### TASK ITEM
Return the lines of the material below exactly, beginning with the line that has "Corrector Device Stationary" in it and finishing with the line that has "Takel Cars Kleurplaat: takeltruck" in it. Leave all pictures aside.
--- EXCERPTED DATA Enclosed Below ---
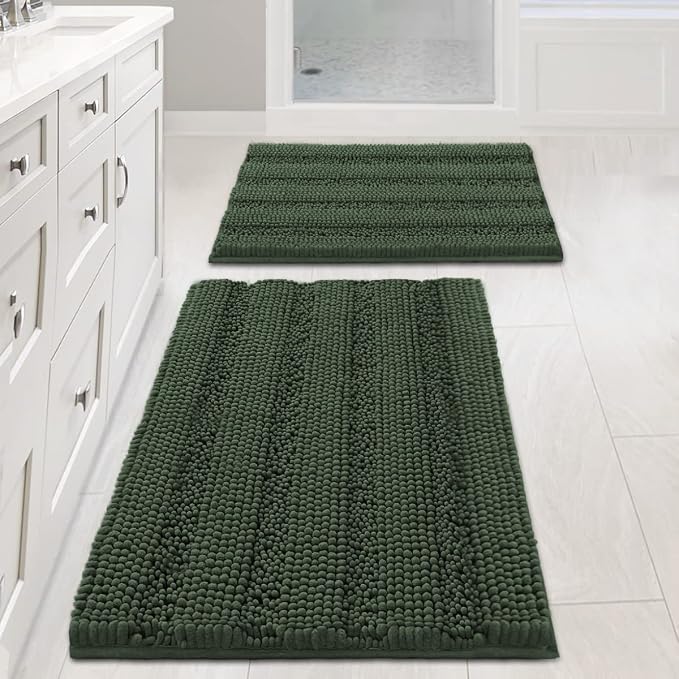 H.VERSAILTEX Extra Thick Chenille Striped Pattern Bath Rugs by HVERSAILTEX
--- End of Enclosed EXCERPTED DATA ---
--- EXCERPTED DATA Enclosed Below ---
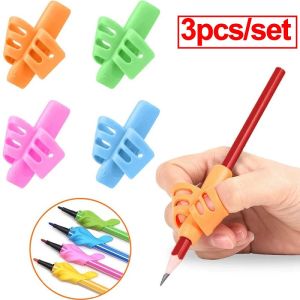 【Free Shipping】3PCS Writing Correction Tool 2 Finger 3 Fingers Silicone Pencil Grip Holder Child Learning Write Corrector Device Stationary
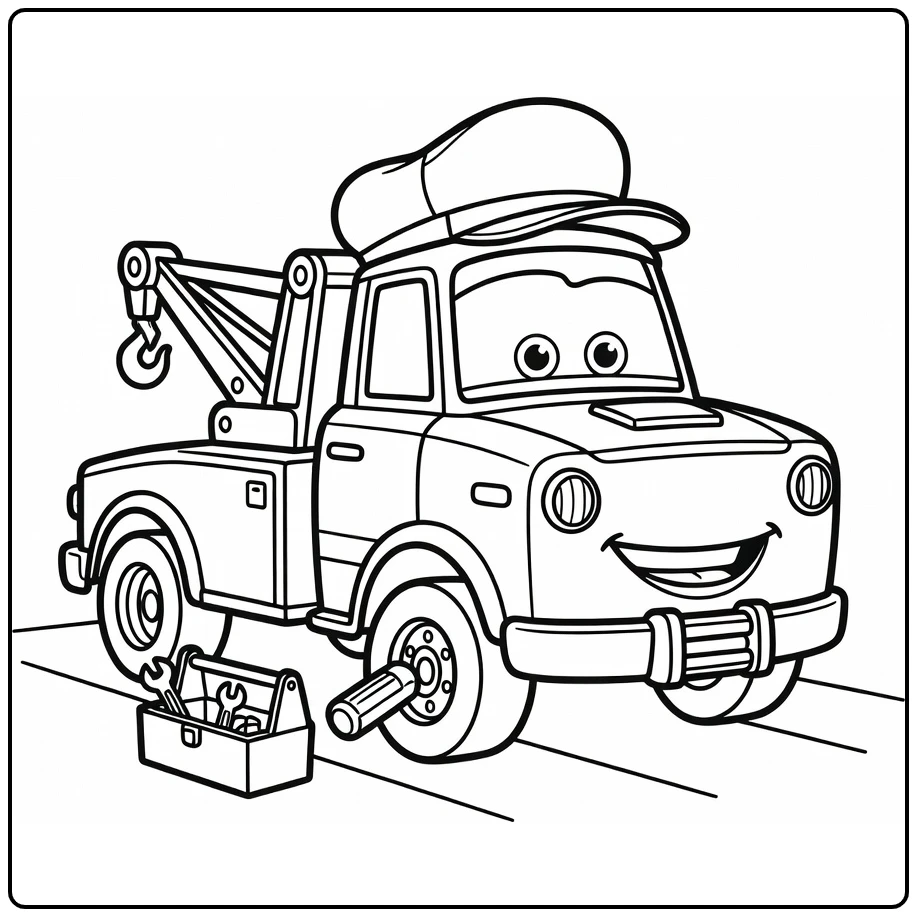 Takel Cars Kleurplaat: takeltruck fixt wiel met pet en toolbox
--- End of Enclosed EXCERPTED DATA ---
### WRITTEN RESPONSE
 【Free Shipping】3PCS Writing Correction Tool 2 Finger 3 Fingers Silicone Pencil Grip Holder Child Learning Write Corrector Device Stationary
 Takel Cars Kleurplaat: takeltruck fixt wiel met pet en toolbox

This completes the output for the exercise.